* Work to complete: Your response should contain exactly the lines running from the one with "4,7 liter Kleine" to the end of the data below, both included, and no pictures.

* Stored data:

◆ ◆ ◆ ◆ ◆

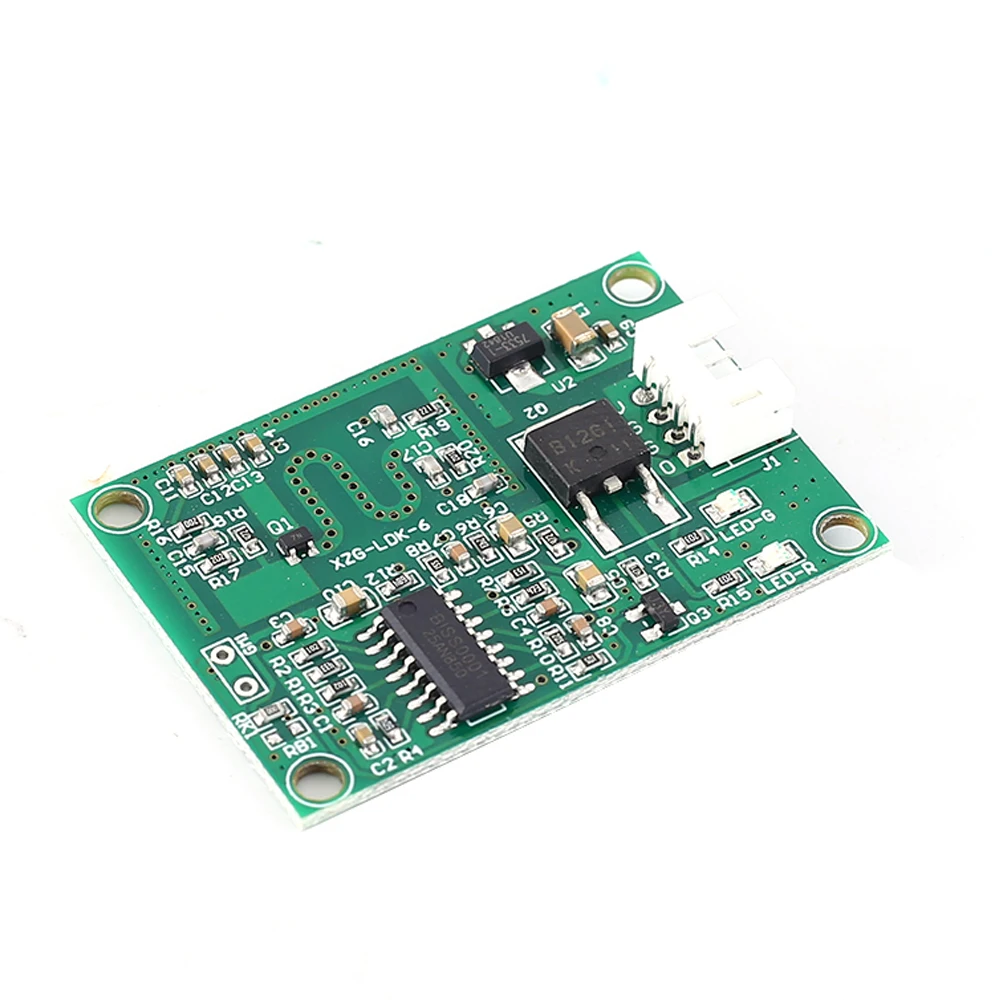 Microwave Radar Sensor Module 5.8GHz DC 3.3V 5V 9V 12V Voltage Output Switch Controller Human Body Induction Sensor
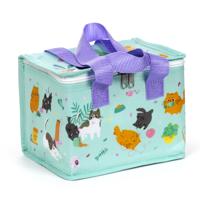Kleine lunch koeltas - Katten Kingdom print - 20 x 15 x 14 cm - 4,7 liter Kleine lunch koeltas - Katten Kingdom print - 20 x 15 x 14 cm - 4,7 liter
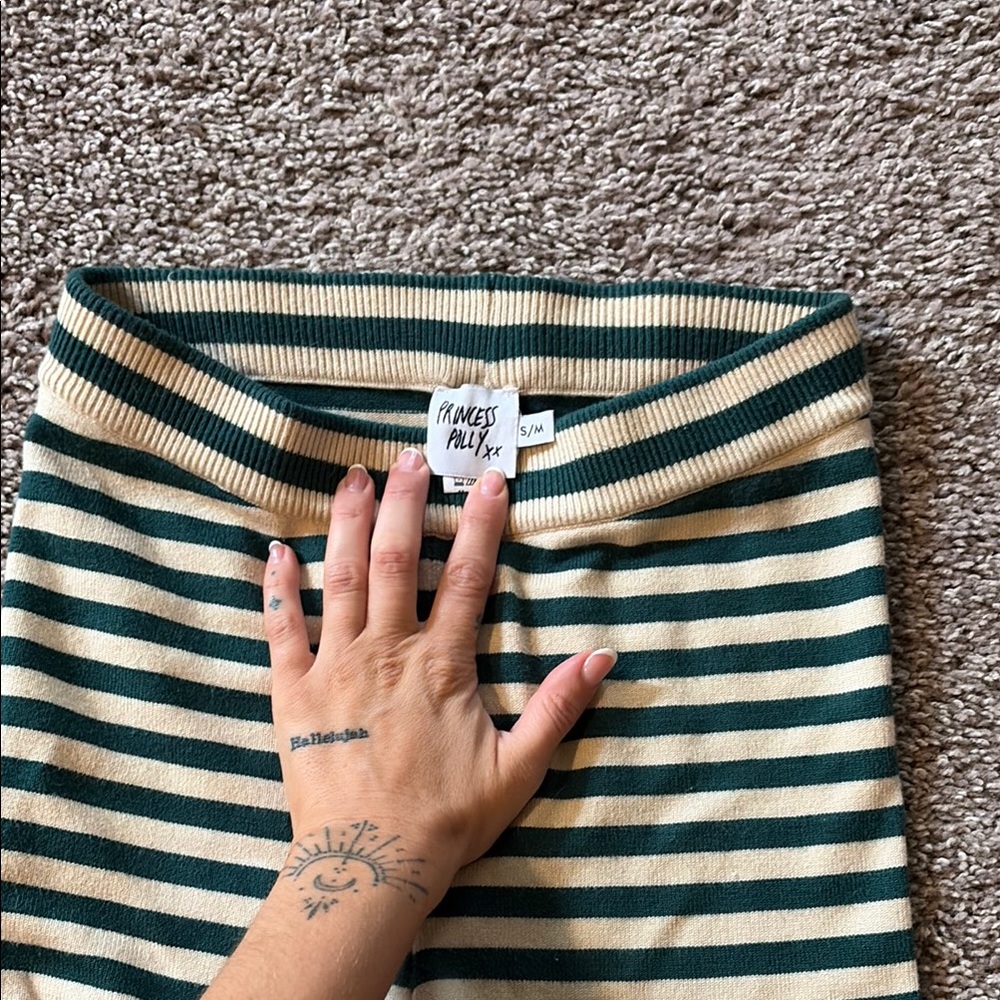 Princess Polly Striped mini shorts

◆ ◆ ◆ ◆ ◆

* Exercise result:
Kleine lunch koeltas - Katten Kingdom print - 20 x 15 x 14 cm - 4,7 liter Kleine lunch koeltas - Katten Kingdom print - 20 x 15 x 14 cm - 4,7 liter
 Princess Polly Striped mini shorts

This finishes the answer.